Des deux présidences Mitterrand, mon jeune âge ne m'autorise que de vagues souvenirs: J'étais tout juste né lorsque le leader de la gauche d'alors achevait son premier septennat, pas encore conscient politiquement lorsqu'il se faisait enterrer à Jarnac. Tout ce que je sais de Mitterrand, je le connais donc par la double entremise des livres d'Histoire et des images tournant en boucle sur les écrans télé.

Je suis encore vierge et un peu gauche. Idéaliste, parfois naïf. Je suis vierge à la gauche présidente et voilà que François Hollande, candidat du parti socialiste, devient notre Président de la République. Ce soir, pour la première fois de ma vie je vais connaître ma première vraie expérience politique de gauche. Mon cœur bat. Je n'en pouvais plus d'attendre !

20h, dimanche 6 mai 2012, soir du second tour des élections présidentielles. Je ne suis pas devant mon écran - Claire Chazal est-elle encore en blanc ? - mais dans le RER A, complètement vide. Ne goutant que très peu aux blagues sur le nain et le flamby (les deux surnoms moqueurs des champions s'affrontant), j'ai déconnecté Facebook. Depuis la fin d'après-midi, je connais les résultats grâce à Twitter... Je ne voulais rien savoir des résultats avant l'heure fatidique, je voulais faire comme avant, mais l'on m'informe régulièrement par SMS et emails. Sans surprise aucune, les hyper connectés savent qu'Hollande va gagner... 52% des suffrages exprimés (pas de blague libre-belge ici...) La rumeur se répand, mais je fais semblant de ne pas encore savoir. Je me suis donc préparé comme si de rien n'était. Je me suis parfumé, bien peigné : ce soir pour François, je revêts ma plus belle chemise.

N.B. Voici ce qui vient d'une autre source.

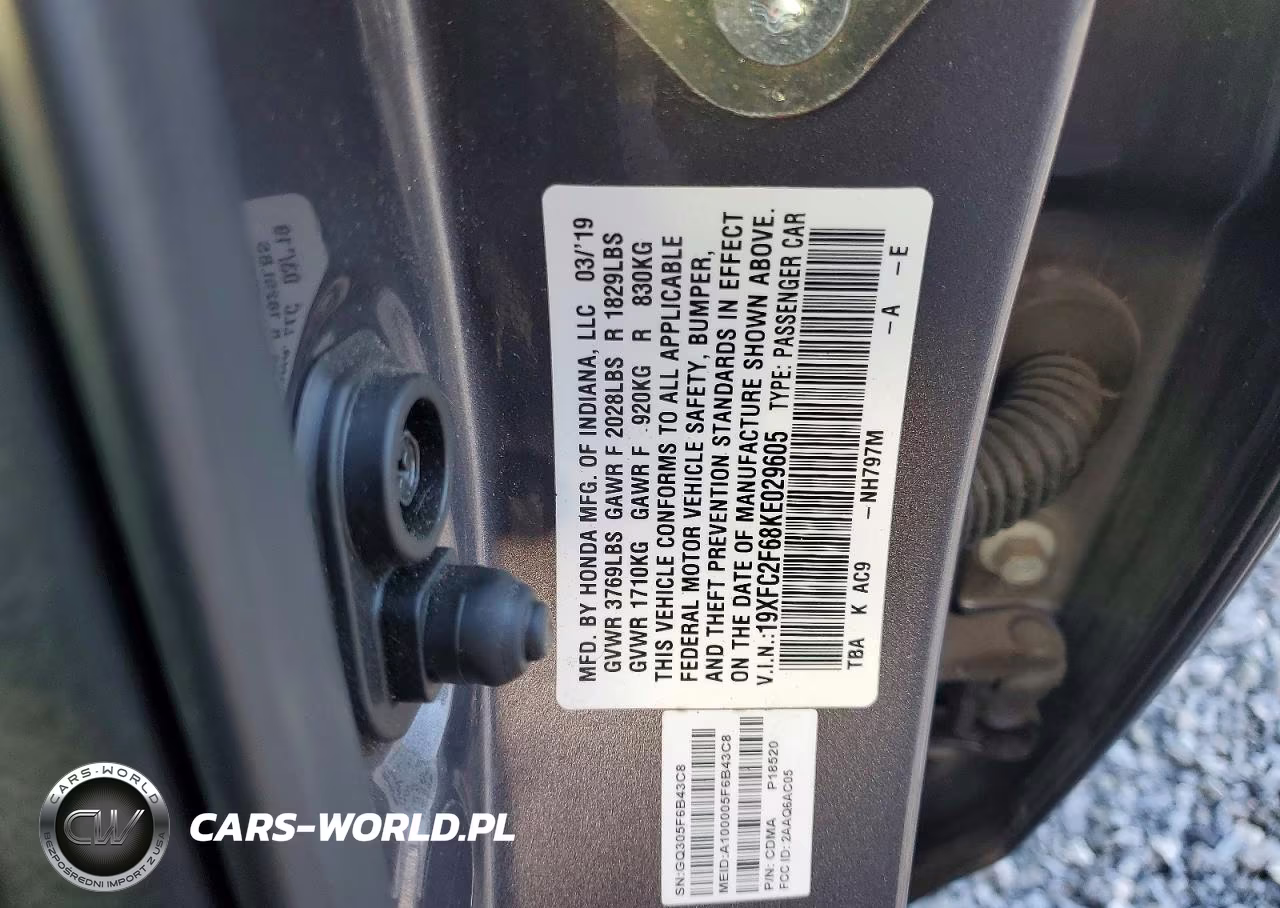 2019 Honda Civic Lx VIN:19XFC2F68KE029605 - 12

Il est 20h02, lorsque le train marque l'arrêt à la station Chatelet-les-Halles. Une clameur s'engouffre alors dans le wagon : le peuple amassé sur le quai est heureux. Des hourras retentissent, un vent républicain souffle sur Paris. Excités, les voyageurs parlent politique et promettent d'aller « prendre la Bastille » en chantant « Hollande Président, Hollande Président ». C'est donc ce soir que tout va se passer. J'ai les mains moites, je suis un peu nerveux.

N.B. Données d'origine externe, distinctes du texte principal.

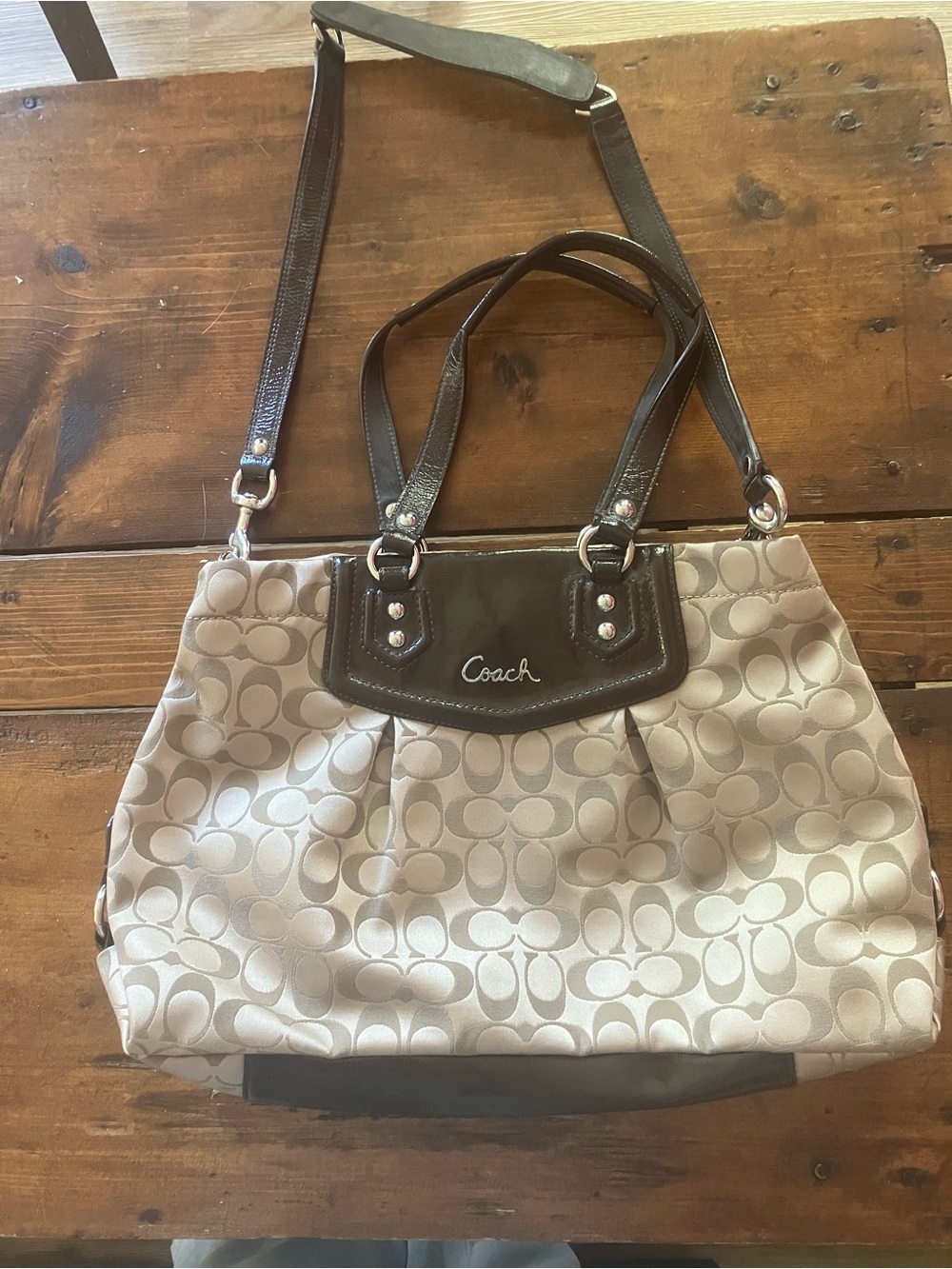 Coach Beige Canvas Tote with Brown Leather Trim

Changer la vie ? Je n'y crois pas, je me dis qu'il faut simplement passer par là pour devenir un homme. Les lendemains qui chantent ne sont surement pas pour demain. En 2012, la France affaiblie par la crise économique n'est pas dupe des affabulateurs qui lui promettent un radical changement, elle souhaite simplement se rassembler pour marquer l'aubaine d'un éventuel nouveau départ et commencer à inverser la tendance. Place de la Nation, je remonte à l'air libre. Dehors, on se croirait un soir de Coupe du Monde : les klaxons retentissent et des immeubles descendent des hourras : le XXe arrondissement de la capitale a massivement voté à gauche. Enfin fixée sur son sort, la France heureuse est belle à voir. Faussement tranquille, je la regarde, l'envisage, la dévisage: dans quelques minutes la France à gauche sera mienne.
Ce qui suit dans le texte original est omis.